9  MNIST dataset

This is a famous dataset for handwritten digits recognition. More info can be found from its website. There are several versions of the dataset (that almost all machine learning libraries have it in their datasets). Here I provide the version from Huggingface Hub. The tensorflow version is outdated but kept here for reference.

9.1 Huggingface Hub

The dataset and description can be found from the Hugging Face hub. You may use the following code to load the dataset. The installation guide of the datasets library can be found in its homepage.

9.1.1 Dataset mode

We may also load it directly in dataset mode.

from datasets import load_dataset

mnist_train = load_dataset("ylecun/mnist", split='train')
mnist_test = load_dataset("ylecun/mnist", split='test')

mnist_train
Dataset({
    features: ['image', 'label'],
    num_rows: 60000
})
mnist_test
Dataset({
    features: ['image', 'label'],
    num_rows: 10000
})

The data point can be accessed by

mnist_train[0]['image']

mnist_train[0]['label']
5
mnist_train['image'][:3]
[<PIL.PngImagePlugin.PngImageFile image mode=L size=28x28>,
 <PIL.PngImagePlugin.PngImageFile image mode=L size=28x28>,
 <PIL.PngImagePlugin.PngImageFile image mode=L size=28x28>]
mnist_train['label'][:3]
[5, 0, 4]

Note that you may either slice the dataset, or slice its field (e.g. image or label).

Since we would like to work with matrices instead of the “image” object, we could use map to transform them.

import numpy as np

def pil_to_array(data):
    data['image'] = np.array(data['image']).reshape(1, -1)
    return data

mnist_train_processed = mnist_train.map(pil_to_array)
mnist_test_processed = mnist_test.map(pil_to_array)

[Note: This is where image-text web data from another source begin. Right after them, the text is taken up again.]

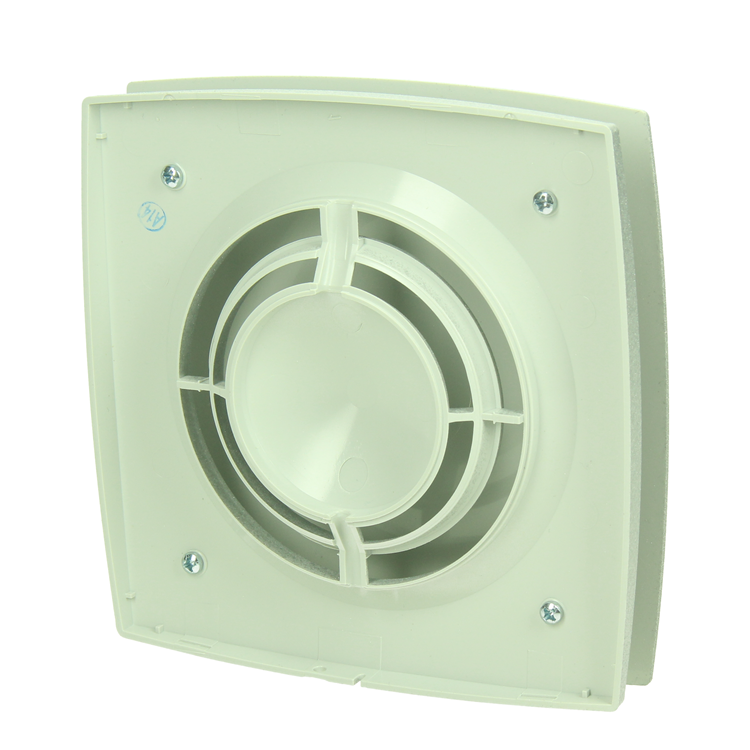 Renson 1069258 - mechanische ventilator cover (9x11-dia 100) 91g (grijs) | 2 stuks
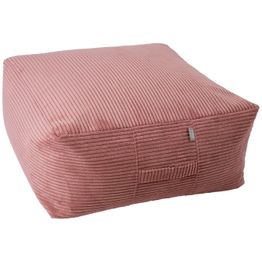 Jakkara Home4You HYPER 80x80 cm, K30 cm, vaaleanpunainen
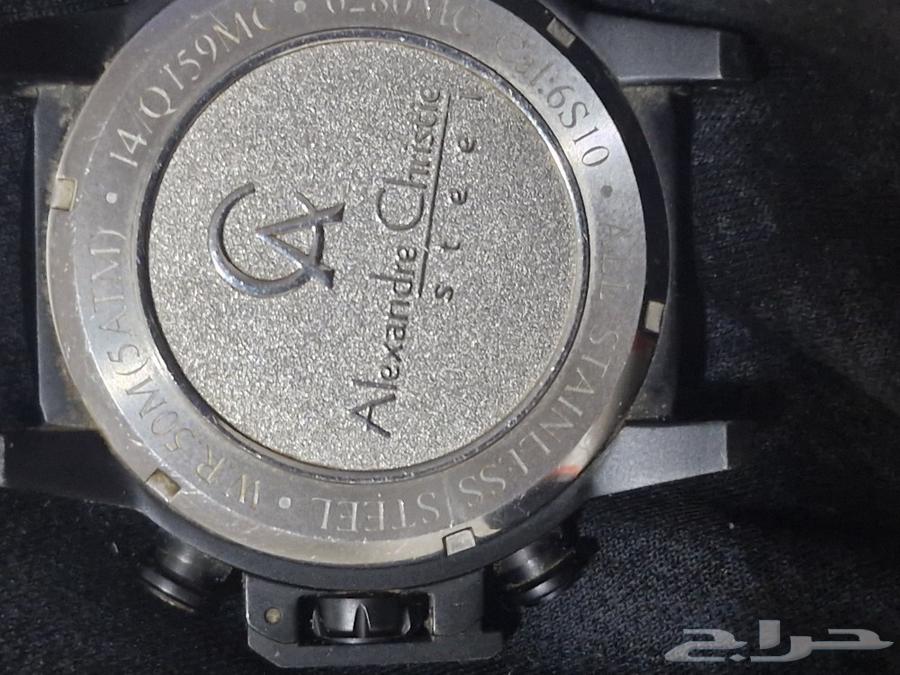 Alexander Christie watch, original and warranty, life time from the same market63098962354433112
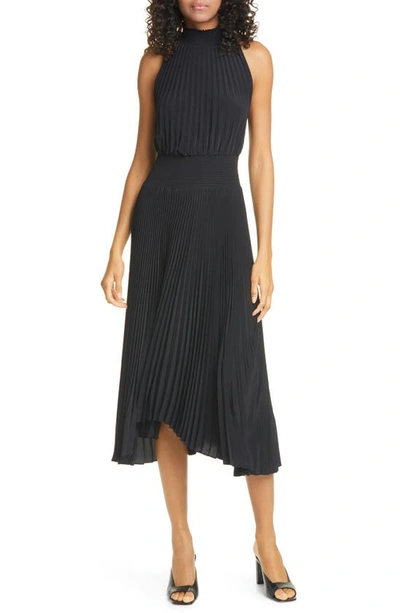 Shop A.l.c Renzo Sleeveless Dress In Black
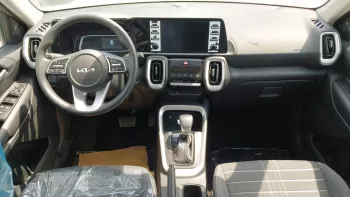 Kia Sonet 1.5L Petrol 2025 Model Year Blue Color Exterior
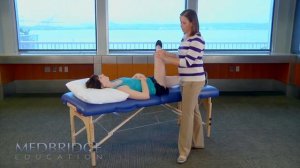 Resisted External Derotation Test Video: Alexis Wright | Physical Therapy | MedBridge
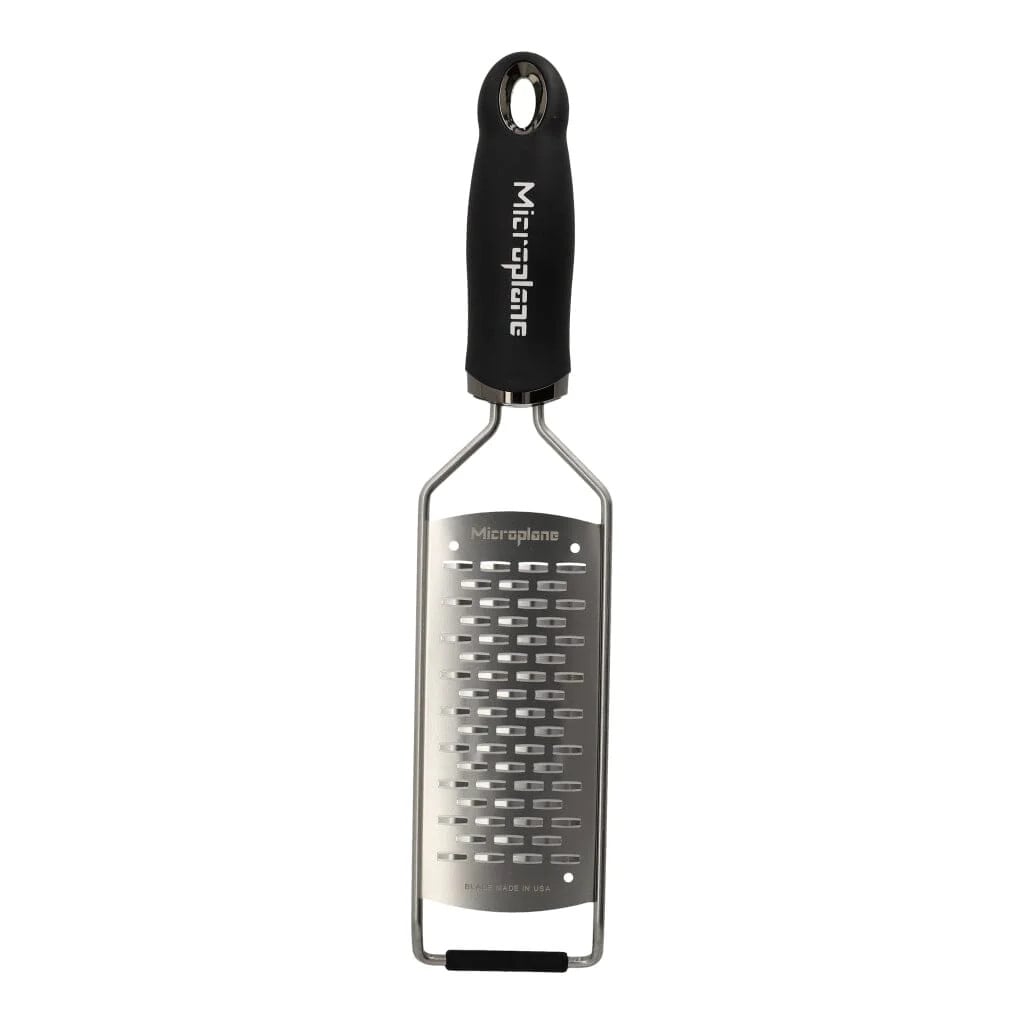 Microplane Gourmet Rasp Medium Ribbon - Zwart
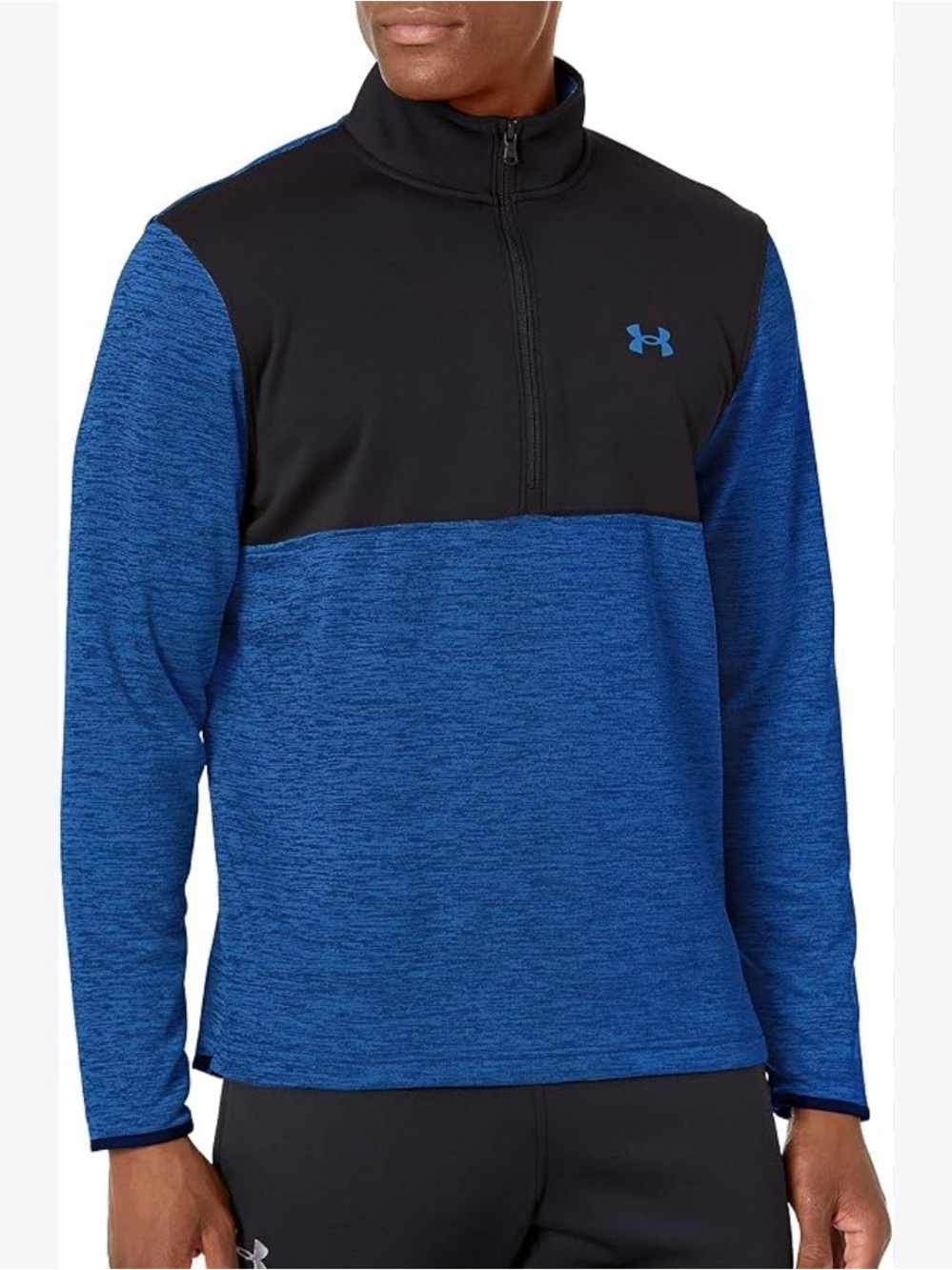Under Armour Colorblock Loose 1/2 Zip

X_train = np.array(mnist_train_processed['image'])
y_train = np.array(mnist_train_processed['label']).reshape(-1)
X_test = np.array(mnist_test_processed['image'])
y_test = np.array(mnist_test_processed['label']).reshape(-1)

9.1.2 Streaming mode

mnist_train_streaming = load_dataset("ylecun/mnist", split='train', streaming=True)
mnist_test_streaming = load_dataset("ylecun/mnist", split='test', streaming=True)

The loaded datasets contains images. We may directly visualize it. Note that we load the dataset in streaming mode, so it is a generator and will give images one by one.

nextdata = next(iter(mnist_train))
pic = nextdata['image']
label = nextdata['label']
pic

label
5

If we first get the dataset mode, it could be transformed into the streaming mode.

mnist_train = load_dataset("ylecun/mnist", split='train')
iter_train = mnist_train.to_iterable_dataset()

nextdata = next(iter(iter_train))
pic = nextdata['image']
pic

We could also apply the transformations to the streaming data.

import numpy as np

def pil_to_array(data):
    data['image'] = np.array(data['image']).reshape(1, -1)
    return data
    
mnist_train = load_dataset("ylecun/mnist", split='train')
mnist_test = load_dataset("ylecun/mnist", split='test')
iter_train = mnist_train.to_iterable_dataset().map(pil_to_array)
iter_test = mnist_test.to_iterable_dataset().map(pil_to_array)

9.2 tensorflow version (possibly outdated)

tensorflow/keras provides the data with the original split. This version is not recommended since keras changed a lot during recent updates so if you use newer version the following code might not work. In addition it takes a long time to install tensorflow library.

import tensorflow.keras as keras
(X_train, y_train), (X_test, y_test) = keras.datasets.mnist.load_data()